Thursday, March 9, 2023

Peruvian Chicken (Recipe 40 of 150)

Photo from Chelsea's
Messy Apron
A thousand years ago I had a friend named Kippi. We did everything together. She dated one of my other friends and when they broke up, I too was kicked to the curb. Ahem. 

But Kippi lived near Gas Works Park in Seattle. For a couple 4th of July's we'd meet up early at Kippi's and then walk down to see the show. One year, Kippi made a batch of Peruvian Chicken. It was so amazing. So delicious. So much so that I salivate thinking about it. 

I never got the recipe from her. So since then I've tried many, many Peruvian chicken recipes and none of them are like hers. 

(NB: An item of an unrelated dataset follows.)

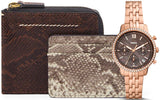  Shop Authentic Fossil Neutra Chronograph Mother of Pearl Brown Dial Rose Gold Steel Strap Watch for Women - ES5218 - Luxxuri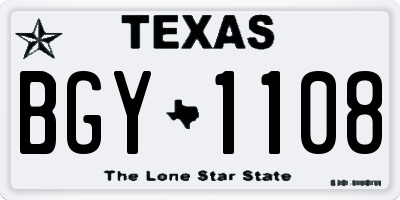 TX license plate BGY1108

This recipe was delicious. I don't know why it's Peruvian though. It seems like a normal lime chicken you'd often see in many Latin recipes. I did some research on Peruvian chicken and the recipes I found are all over the place. Some include amarillo paste - which may be the flavor and color I remember from Kippi's chicken. Stay tuned. More Peruvian chicken in likely on the way. In the meantime, enjoy this one. It's good.


Peruvian Chicken
Recipe from Chelsea's Messy Apron

Serves 4
  • 2 large (~1.5 pounds) chicken breasts halved horizontally and pounded to even thickness
  • 1 T freshly squeezed lime juice
  • 1 tsp honey
  • 1/2 tsp minced garlic
  • 1 T olive oil
  • 1/2 tsp EACH: smoked paprika and ground cumin
  • 1/4 tsp dried oregano
  • Fine sea salt and freshly cracked pepper

In a small bowl, whisk together 1 tablespoon lime juice, 1 teaspoon honey, 1 clove of minced garlic, 1 tablespoon olive oil, smoked paprika, ground cumin, and dried oregano. Season to taste with salt and pepper; I add 1/2 teaspoon salt and 1/4 teaspoon pepper. Halve chicken breasts horizontally. Using a meat mallet or the bottom of your frying pan, pound breasts to even thickness (you don't want the meat super flat, just even in thickness). Place the prepared chicken in a large plastic bag and pour the marinade mix over. Seal the bag without air and knead to coat all the chicken in the marinade. Refrigerate for 30 minutes up to 6 hours. If possible, make the green sauce now too, so it has a chance to sit and flavors can intensify.

Preheat a grill or grill pan to medium-high heat (about 400 degrees F.)  Place the marinated chicken on the grill. Discard any leftover marinade. Grill for 10-12 minutes, flipping once halfway through, or until chicken juices run clear and internal temperature is at 165 degrees F.